Step 3: Test EMR Spark and Trino connectivity to Databricks Unity Catalog
To perform EMR Connectivity testing using SSH, we will have to follow the following steps: For details on connecting to the EMR primary node using SSH, refer here.
- Allowlist your device's IP address for SSH port (Number 22) in the security group associated with the EMR primary node.
- Now, use the link “Connect to the Primary node using SSH” from the EMR cluster details page to get the command to establish a connection to the primary node. It looks like this
ssh -i ~/<<Your PEM File>>.pem hadoop@<<EMR Primary Node DNS>> - Once in the EMR master node shell,
- To access Trino in the EMR shell, run the command “trino-cli”
[hadoop@ip-10-4-7-67 ~]$ trino-cli trino> SHOW CATALOGS; Catalog --------------------- databricks_uc_irc_catalog hive hudi system (4 rows) - Alternatively, you can initiate a Spark SQL terminal with the following command prompt.

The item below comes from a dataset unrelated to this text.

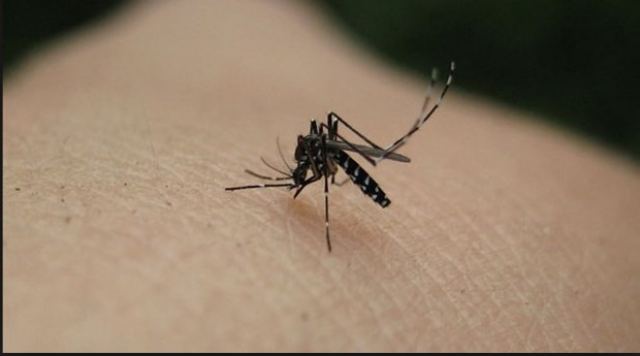 Κρούσμα ελονοσίας από τσίμπημα κουνουπιού - Σε καραντίνα 4 χωριά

spark-sql --name "uc-iceberg" \ --master "local[*]" \ --packages "org.apache.iceberg:iceberg-spark-runtime-3.5_2.12:1.6.1,io.delta:delta-spark_2.12:3.2.1,io.unitycatalog:unitycatalog-spark_2.12:0.2.1,org.apache.hadoop:hadoop-common:3.4.1,org.apache.hadoop:hadoop-aws:3.4.1" \ --conf "spark.hadoop.fs.s3.impl=org.apache.iceberg.aws.s3.S3FileIO" \ --conf "spark.sql.extensions=org.apache.iceberg.spark.extensions.IcebergSparkSessionExtensions" \ --conf "spark.sql.catalog.databricks_uc_irc_catalog=org.apache.iceberg.spark.SparkCatalog" \ --conf "spark.sql.catalog.databricks_uc_irc_catalog.catalog-impl=org.apache.iceberg.rest.RESTCatalog" \ --conf "spark.sql.catalog.databricks_uc_irc_catalog.uri=https://<<Your Workspace URL>>/api/2.1/unity-catalog/iceberg-rest" \ --conf "spark.sql.defaultCatalog=databricks_uc_irc_catalog" \ --conf "spark.sql.catalog.databricks_uc_irc_catalog.warehouse=databricks_uc_irc_catalog" \ --conf "spark.sql.catalog.databricks_uc_irc_catalog.token=<<Your Databricks PAT>>"
Step 4: EMR Trino SQL - Read and Write Managed Iceberg tables
Let us perform some DML operations using EMR Trino. EMR Trino is configured (refer to the EMR bootstrapping section from Step 2 above) to read tables from the Databricks UC catalog. You can use the Trino terminal to perform SQL queries. We will use standard ANSI SQL queries to retrieve data, perform aggregations, or join tables.
It's important to note that the Trino Iceberg REST Catalog is configured only to recognize Iceberg tables. Consequently, Delta tables are absent from the catalog schema.
|